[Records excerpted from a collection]
■ ■ ■ ■ ■

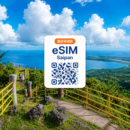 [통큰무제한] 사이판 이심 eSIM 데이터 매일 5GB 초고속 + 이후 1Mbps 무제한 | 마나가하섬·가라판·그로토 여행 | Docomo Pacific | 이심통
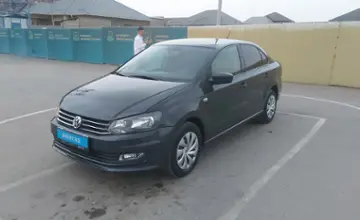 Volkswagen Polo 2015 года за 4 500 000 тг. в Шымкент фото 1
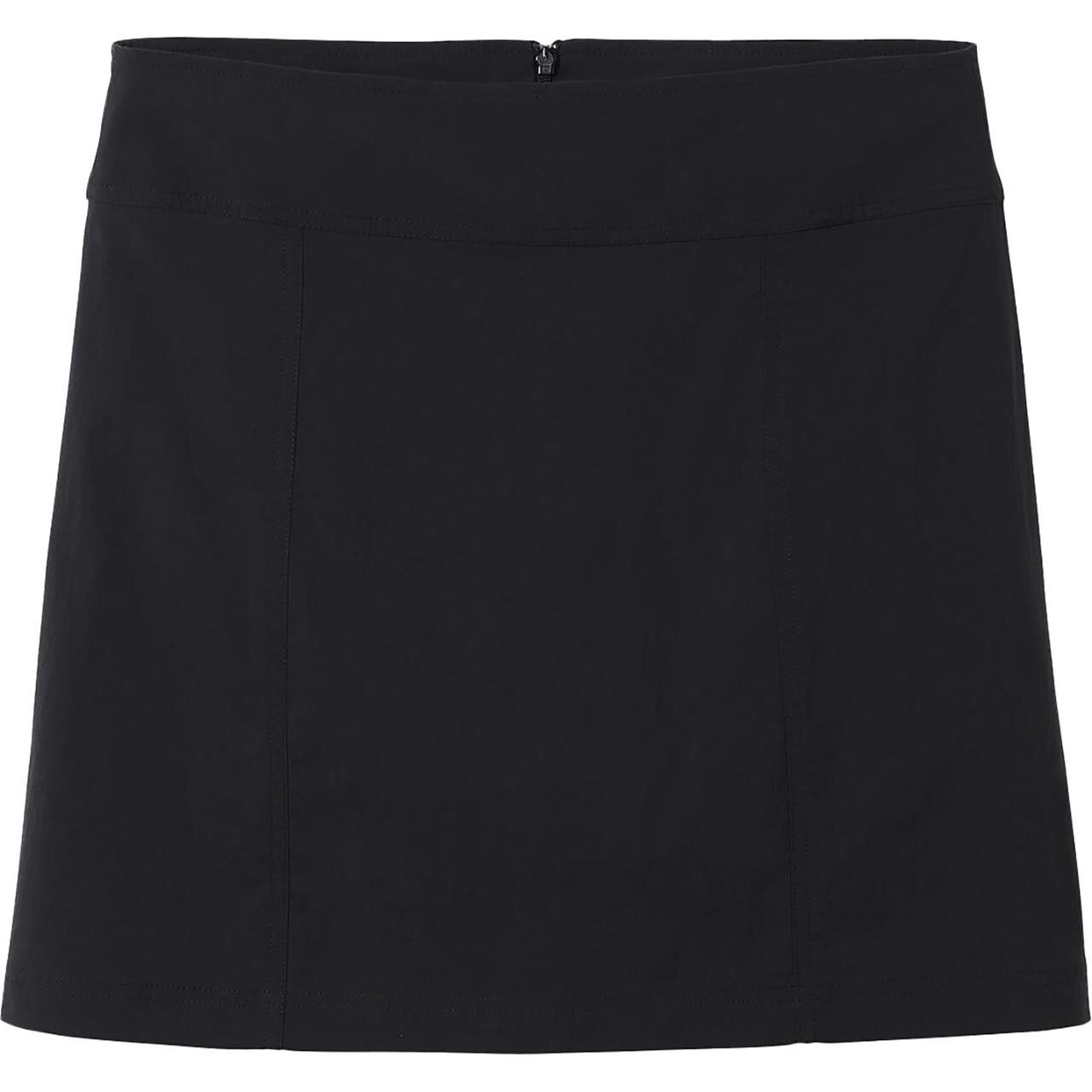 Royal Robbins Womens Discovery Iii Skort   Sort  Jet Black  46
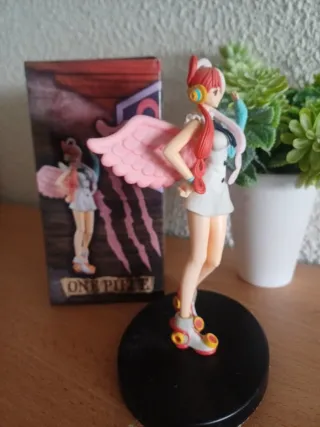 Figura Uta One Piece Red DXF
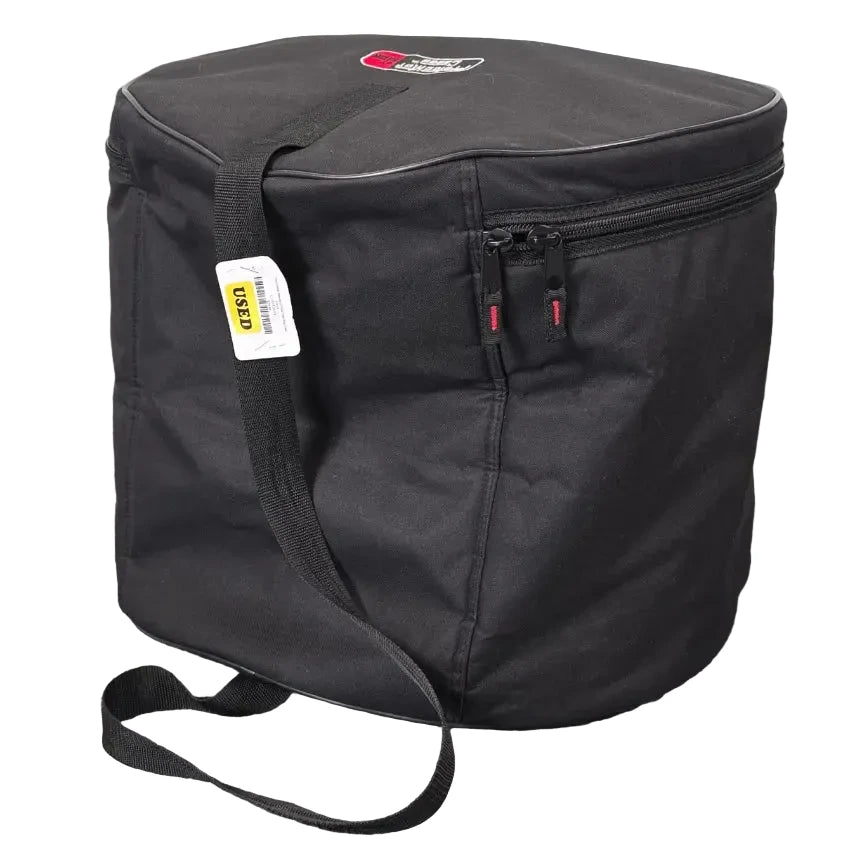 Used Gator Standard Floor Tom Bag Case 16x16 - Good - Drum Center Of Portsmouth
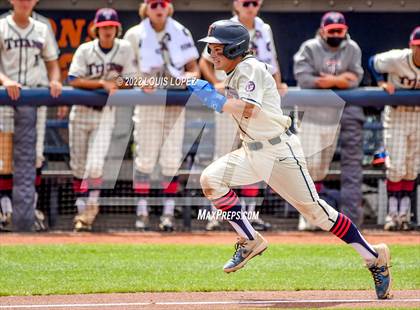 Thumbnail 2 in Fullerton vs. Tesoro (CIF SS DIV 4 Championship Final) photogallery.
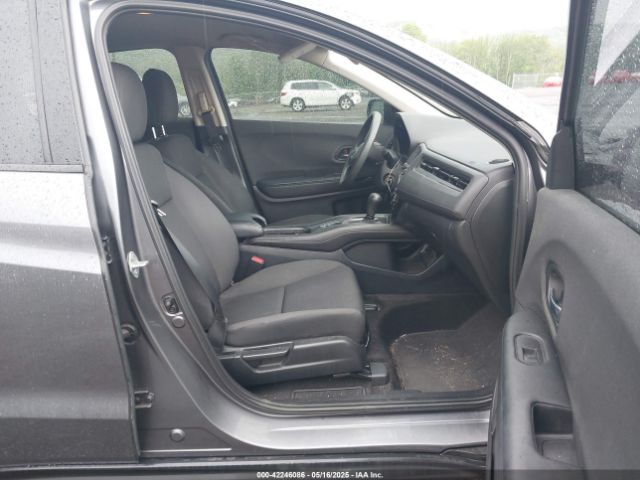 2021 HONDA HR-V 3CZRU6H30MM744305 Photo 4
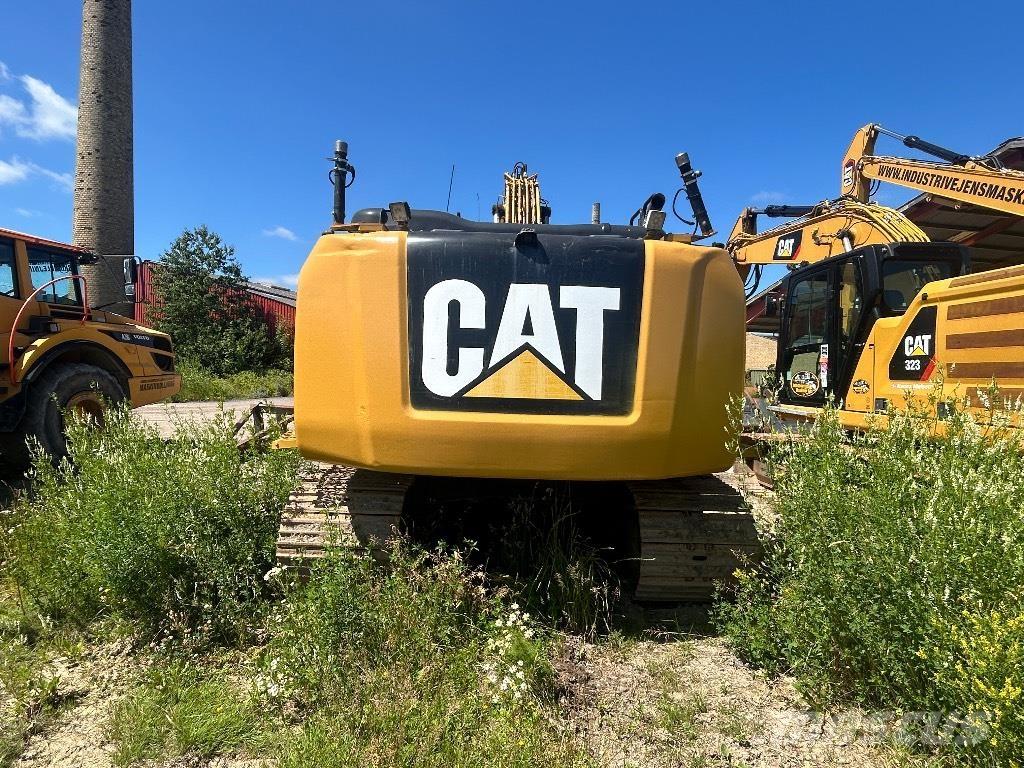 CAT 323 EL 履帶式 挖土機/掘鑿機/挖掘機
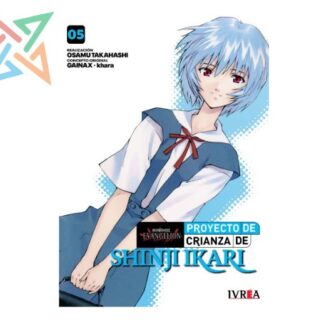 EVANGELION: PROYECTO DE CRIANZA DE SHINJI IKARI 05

■ ■ ■ ■ ■

◆ THE TASK
Send back the entries above exactly. Skip the images.

◆ ANSWER SPACE
 [통큰무제한] 사이판 이심 eSIM 데이터 매일 5GB 초고속 + 이후 1Mbps 무제한 | 마나가하섬·가라판·그로토 여행 | Docomo Pacific | 이심통
 Volkswagen Polo 2015 года за 4 500 000 тг. в Шымкент фото 1
 Royal Robbins Womens Discovery Iii Skort   Sort  Jet Black  46
 Figura Uta One Piece Red DXF
 Used Gator Standard Floor Tom Bag Case 16x16 - Good - Drum Center Of Portsmouth
 Thumbnail 2 in Fullerton vs. Tesoro (CIF SS DIV 4 Championship Final) photogallery.
 2021 HONDA HR-V 3CZRU6H30MM744305 Photo 4
 CAT 323 EL 履帶式 挖土機/掘鑿機/挖掘機
 EVANGELION: PROYECTO DE CRIANZA DE SHINJI IKARI 05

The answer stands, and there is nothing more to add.